Matthew Blakeley, a chemist and crystallographer at France’s Institut Laue-Langevin (ILL) neutron source, notes that x rays produce structurally damaging free radicals when they pass through crystals. To limit the radicals’ diffusion, x-ray data collections are typically performed at 100 K. Neutrons don’t damage protein samples, so crystallography with neutrons can be performed at room temperature. Neutron beam intensity, however, is several orders of magnitude less than is achievable with x rays, and structural data gathering can take 7 to 10 days, says Kovalevsky. That makes neutron techniques less suited for fragment screening. It also requires much larger crystals, which are difficult to grow.

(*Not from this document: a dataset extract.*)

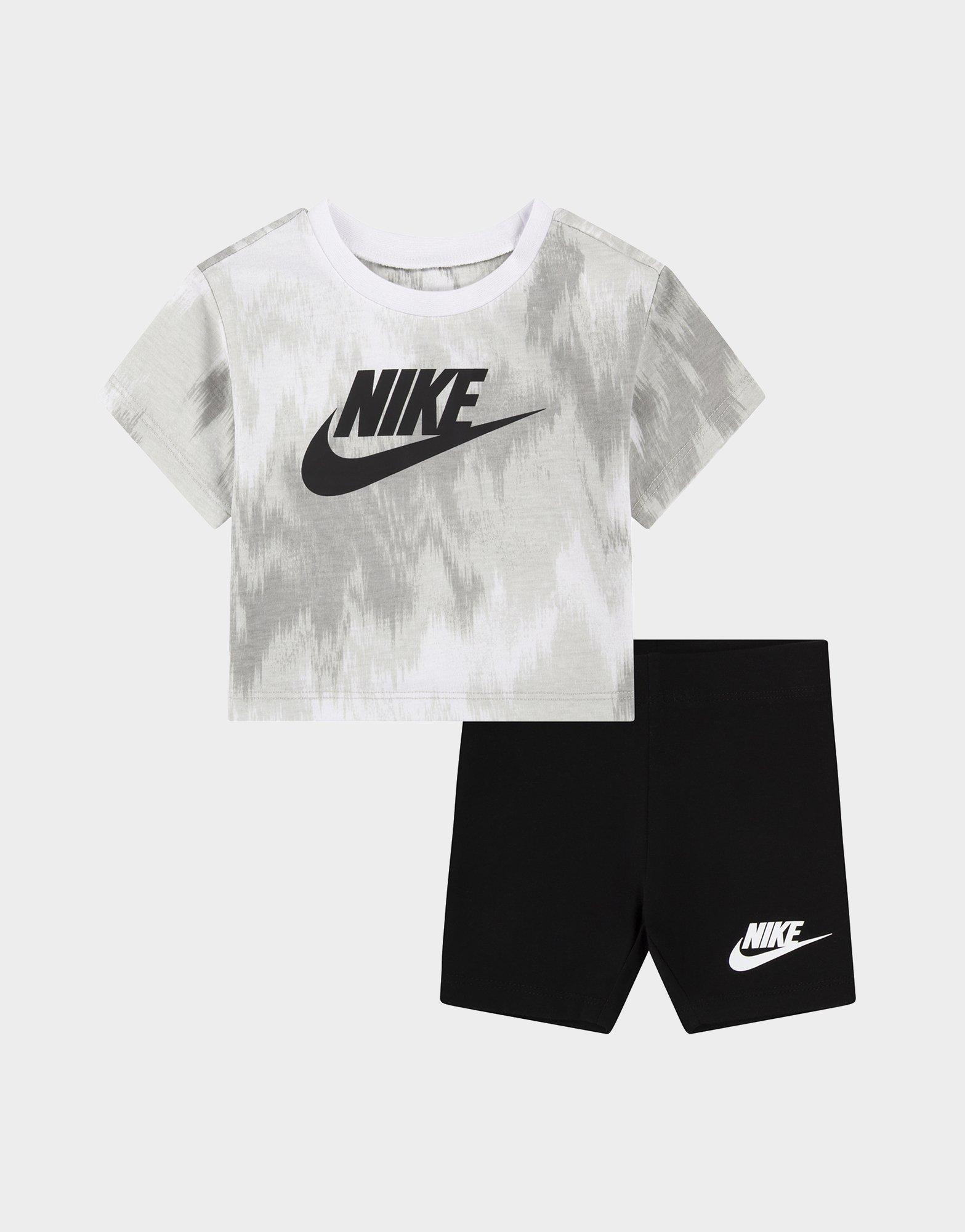 סט מכנסיים קצרים וטי שירט Swoosh | ילדים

Oak Ridge National Laboratory reopened its Spallation Neutron Source on 7 April and gave priority to SARS-CoV-2 research. The lab’s other neutron source, the High Flux Isotope Reactor, was scheduled to resume operations on 27 April, and coronavirus research is to be prioritized on two beamlines there. At the outset of the pandemic, both facilities had been shut down for routine scheduled maintenance. The ILL is closed, and no reopening date has been set.

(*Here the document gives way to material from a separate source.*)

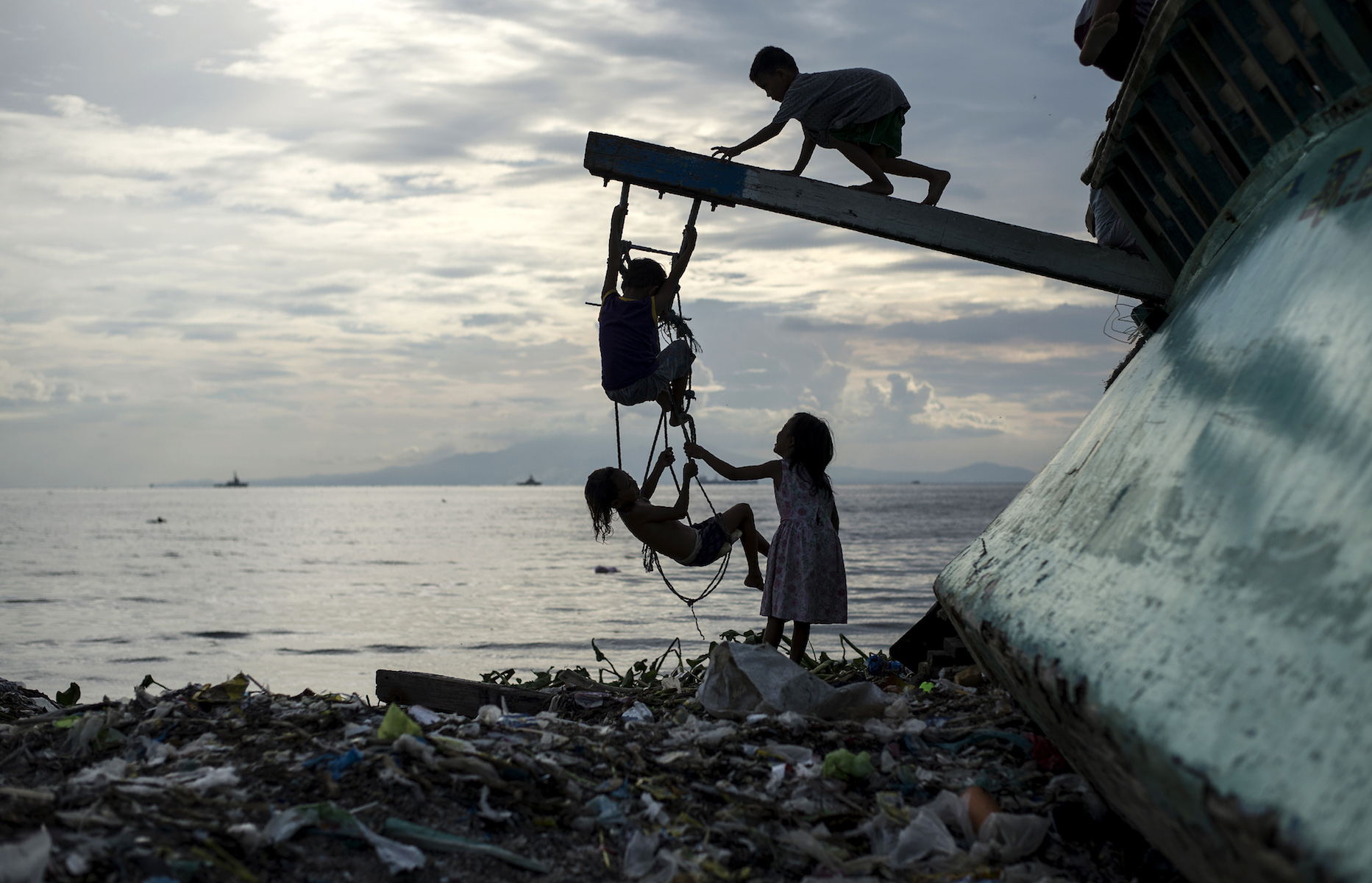 Filipino children in Philippines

Although x-ray free-electron lasers (XFELs) could be highly useful for SARS-CoV-2 research, both the Linac Coherent Light Source at SLAC and the European XFEL in Germany were offline as of early April. The LCLS has been shut down for an upgrade, but a SLAC spokesperson says a restart could occur soon after California’s shelter-in-place order is lifted. European XFEL group leader Bernd Ebeling said in an email that beam time will be devoted to coronavirus research once operation becomes possible. It was unclear at press time whether Japan’s SACLA, the planet’s other XFEL, was conducting coronavirus research.
XFELs offer two advantages over synchrotrons, says Helliwell: They can determine structures at room temperature, and their femtosecond pulse length and high intensity allow the collection of diffraction data before radiation damages the protein. Radiation damage can change the protein structure and thus affect its interpretation.

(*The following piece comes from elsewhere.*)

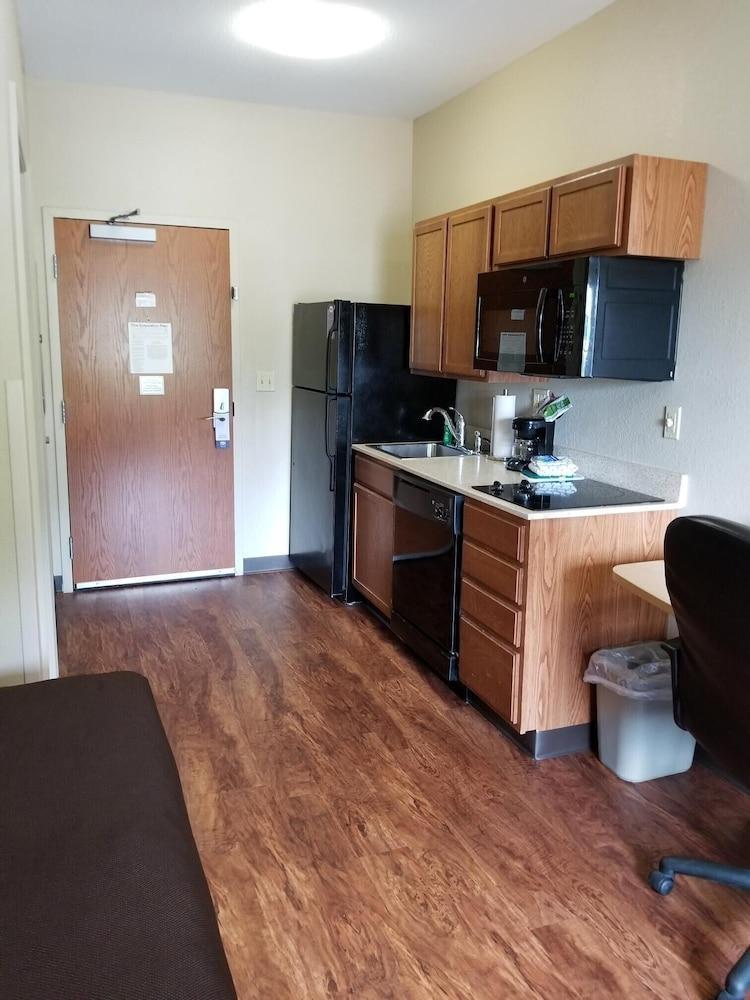 Suburban Studios Morgantown Esterno foto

Because of those advantages, XFELs can obtain structural information from submicrometer crystals. Using the LCLS, a team led by Lars Redecke of the University of Hamburg in 2012 reported the first new biological structure solved with an XFEL.
Despite the frantic pace of research, many scientists are skeptical that drugs or vaccines to fight the virus will come in time to ease the current pandemic. Human trials could be a year or more away, even for approved drugs or antibodies found to provide some action against the coronavirus; the timeline for newly identified medicinal compounds is even longer. “Neither synchrotrons nor cryo-EM will likely make a big impact on this pandemic,” says Edwards of the SGC, “but both will be really powerful tools in getting science ready to stop the next one.”
Stephen Streiffer, APS director, disagrees; he argues that any existing compound approved for human use that’s found to be therapeutically useful would be moved into clinical use immediately. He notes that current public health strategy is aimed at slowing the spread of infection until a vaccine can be deployed.
Joachimiak laments the lack of follow-through on drug development efforts from SARS and MERS (Middle East Respiratory Syndrome, which appeared in 2012). “NIH spent $700 million in the past 20 years to study SARS and MERS. And we have no antiviral, no antibodies, no vaccine for SARS and MERS,” he says. Drugs developed in response to the earlier outbreaks might have worked against the current pathogen, he notes.